The digital era offers a wealth of opportunities and continual extracurricular activities for your kids’ education. Children throughout the world can now access Synthesis, an online curriculum developed by SpaceX to promote innovative problem-solving and teamwork.
Josh Dahn is the co-founder of Synthesis. He also founded Ad Astra, which is a school on the SpaceX campus. Elon Musk’s children attended a private school where Josh had worked, and after talking about what they didn’t like about it, Elon persuaded Josh to open his school for both his kids and the kids of SpaceX employees.
Synthesis was a course that was initially only taught in a class at the Ad Astra school but is now available worldwide as an extracurricular activity for kids everywhere.
In this Synthesis School Review, you will understand how Synthesis uses interactive, real-world simulation games to test exceptional students.
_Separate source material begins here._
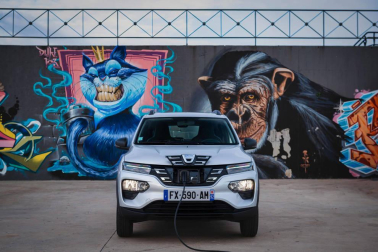 Así es el Dacia Spring, el rey eléctrico de la ciudad. Con solo 3,7 metros de largo, es el vehículo más recomendado para rodar sin emisiones por la ciudad. Su autonomía urbana de 305 kilómetros tienen la culpa, además de su precio, de solo 9.950 euros con el Plan MOVES III incluido. El Seat Mii es su rival más directo. Su tamaño es diminuto, pero destaca su estética SUV de bolsillo.
Como se aprecia en las imágenes, luce pasos de ruedas más anchos, barras de techo, bajos de carrocería delanteros reforzados, protección trasera y distancia al suelo sobreelevada (151 mm en vacío). Tras el logotipo del frontal, con una calandra cerrada al tratarse de un coche eléctrico, se ubica disimuladamente la boca de carga. Las luces LED más afiladas remarcan la línea horizontal de la mirada del Spring. Los embellecedores de este vehículo imitan la estética de las llantas de aleación. Esta apariencia es posible gracias al sistema Flexwheel: las llantas de chapa son abiertas.
Su motor ofrece un potencia de 44 CV, suficiente para rodar por ciudad, dado su bajo peso, de menos de una tonelada. Como curiosidad, no dispone de una palanca de cambios al uso. Ofrece ahora un selector de marcha giratorio con una rueda cromada muy sencilla de utilizar, con 3 posiciones: D (drive), N (neutral) y R (retroceso). A bordo de Dacia Spring se pueden instalar cuatro adultos cómodamente y cuenta con un maletero generoso de casi 300 litros de capacidad.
This is how Synthesis works:
A Home Cohort For Every Child
Students are divided into age groups and can take synthesis if they are between the ages of 6 and 15. (6-7; 8-10; 11-13; and 15-15).
You can select the cohort time that best fits your schedule when you sign up. Continual cohorts take place, and your child may interact with children from other nations.
You should be aware that there is a queue for teachers that have applied to join synthesis. When hiring teachers, Synthesis is quite picky. The queue is primarily due to the professors’ acceptance rate, which is less than 4%. This means that the synthesis school reviews each and every teacher adequately and only picks out the best teachers for your children.
Cohort Sessions are Held Once a Week
Your child will attend their primary cohort once a week. Each week, they’ll run into the same youngsters and make friends. Some of the more reserved children may feel more at ease speaking as a result of this. The more vocal children will eventually learn to encourage their more quiet companions to express their opinions too.
Children Engage in Cooperative Games and Simulations
Children engage in cooperative Synthesis games throughout cohort sessions. The company offers several in-house games that are intended to encourage kids to collaborate and think creatively.
For instance, in the game Art for All, children design their art museum and must choose which works of art to bid on and at what rates. Space exploration video games include Constellation and Proxima. In another game called Fish,children must fish to feed the village without eradicating any species.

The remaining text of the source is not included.